Information provided:
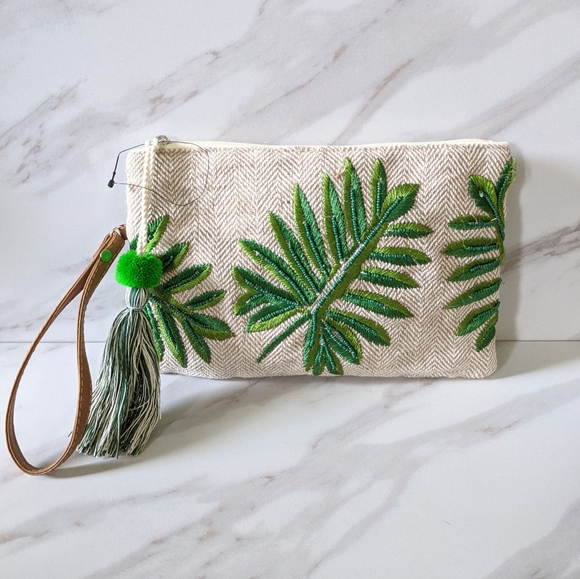 Handbags - Embroidered Beaded Palm Leaf Boho Wristlet Clutch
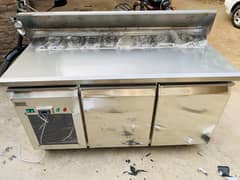 pizza prep table with chiller, pizza oven, delivery bags, dough mixer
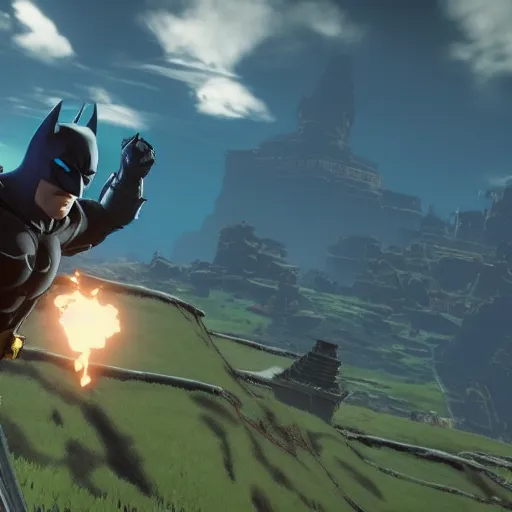 Image similar to Film still of Batman, from The Legend of Zelda: Breath of the Wild (2017 video game)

Directions: Leaving the pictures out, print every line of the listing exactly.

Solution for this task:
 Handbags - Embroidered Beaded Palm Leaf Boho Wristlet Clutch
 pizza prep table with chiller, pizza oven, delivery bags, dough mixer
 Image similar to Film still of Batman, from The Legend of Zelda: Breath of the Wild (2017 video game)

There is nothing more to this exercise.